Inheritance introduces the viewer to Lauren Monroe (Lily Collins), criminal lawyer and daughter to wealthy businessman, Archer Monroe (Patrick Warburton). When a tragic accident takes Archer’s life, his family gathers to receive their portion of the inheritance. However, when Lauren receives a private letter from her deceased father, she quickly discovers that her true inheritance begins to uncover lies that may destroy her entire family.
Directed by Vaughn Stein (Terminal), Inheritance is a surprisingly entertaining ride into the family secrets that make us who we are, whether or not we are conscious of them. First time writer Matthew Kennedy creates an engaging web of intrigue that works well to draw the audience in as the mystery unravels. While Collins does a fairly good job of keeping the narrative moving as the conflicted lawyer Lauren, the true gem of the cast proves to be Simon Pegg’s performance as the mysterious Morgan Warner. Known for his comedic roles, Pegg clearly relishes the opportunity to play a character so wildly against type. With every panicked expression and painful story from his past, Pegg gives Morgan a sinister glance beneath his innocent smile that constantly questions his authenticity. Charismatic and flawed, Pegg’s performance as Morgan plays well off of the more stoic Lauren and infuses the film with the energy it needs.

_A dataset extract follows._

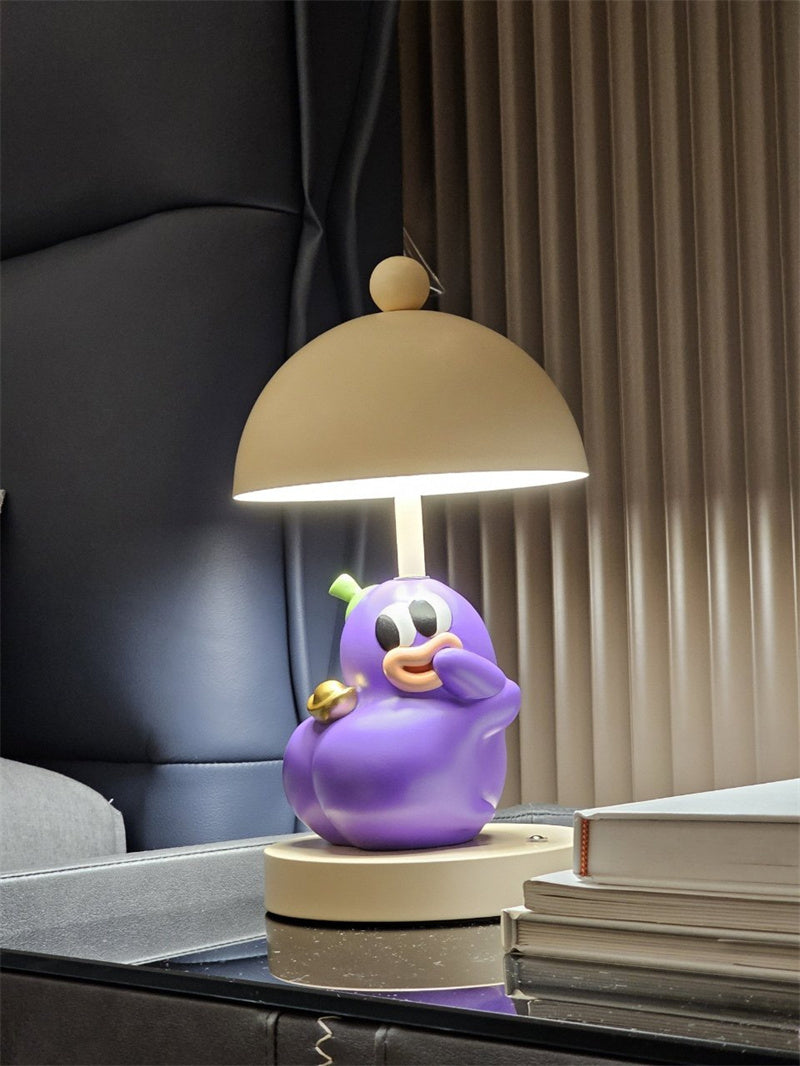 Cute Eggplant Night Light Lamp – Perfect Bedroom or Office Decor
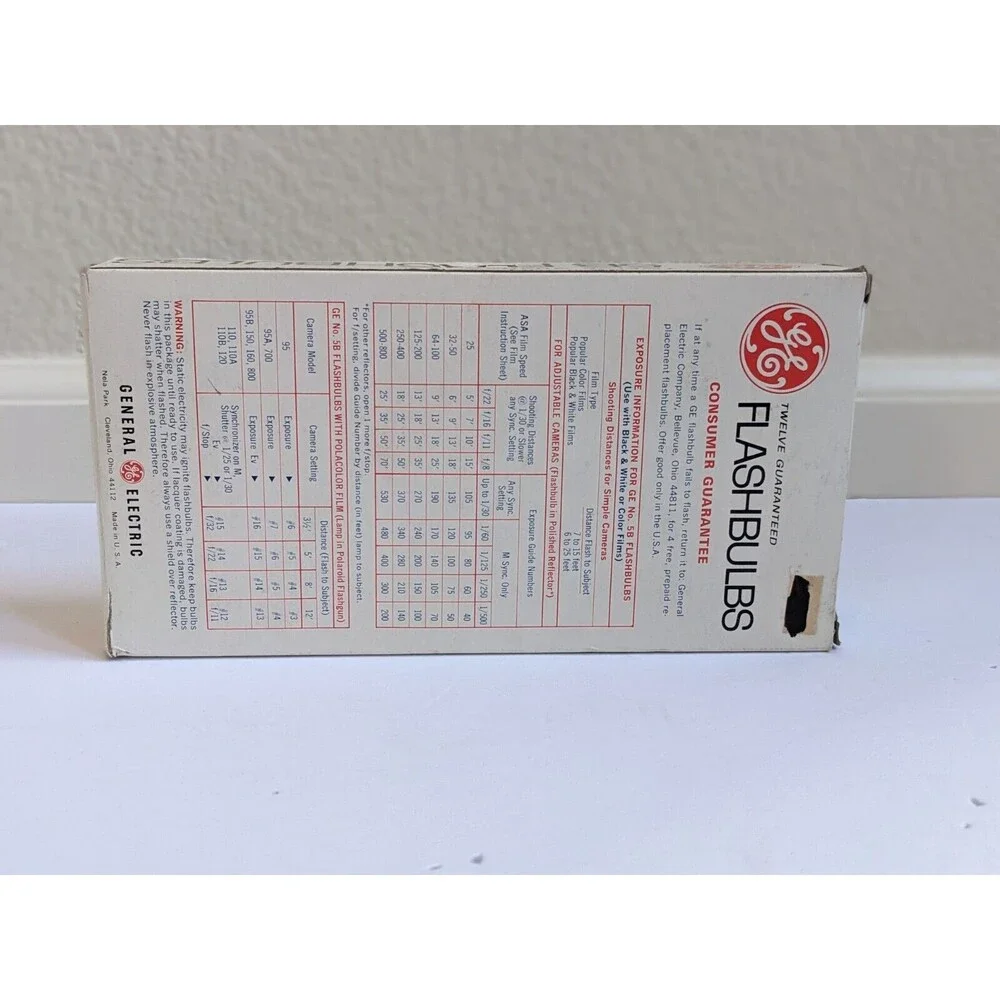 Vintage GE General Electric 5B Flashbulbs Blue 12‎ New Unused Bulbs NOS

As the mystery begins to untangle, Inheritance speaks of the stories that we tell ourselves, especially in the midst of our privilege. As she delves into her family history, Lauren’s journey begins to expose secrets about her father’s past that she was never supposed to know. In leaving this trail of truth as her (literal) inheritance, her father also places an incredible burden upon her soul. Though she herself is innocent of his past sins, her image of him is shattered as she reprocesses her role in the family. More importantly, Lauren is also forced to examine whether or not she will keep his secrets buried or risk destroying her family with the truth. With her brother running for public office and her mother a well-known banker, Lauren recognizes that exposing the past will likely have devastating echoes in the present. For her, the real question of integrity becomes whether or not she values the privileges that her family currently enjoy over her conviction as a lawyer to speak the truth and own the past.
While Inheritance doesn’t always have the answers to these difficult moral questions, it does highlight the challenges that we can face when we must reconcile with the sins of our past, regardless of our own guilt. Lauren’s greatest concern seems to relate to whether or not the truth will disrupt her family’s lives as opposed to finding true justice for Morgan’s traumatic experience. (Additionally, with each dubious decision of her own, Lauren risks becoming more and more like her father in the process.) As a result, despite her seemingly noble intentions, Lauren reveals an inner self-absorption that threatens, not only her integrity, but the future of her family as well.
Filled with twists and turns, Inheritance proves to be fun escapism that enjoys playing with its audience. Willing to travel to dark places when it needs to, the film features enjoyable performances by its cast and builds an entertaining mystery that revels in the unknown secrets that lie in the shadows of our past..
Inheritance premiered on PVOD on June 2nd, 2020.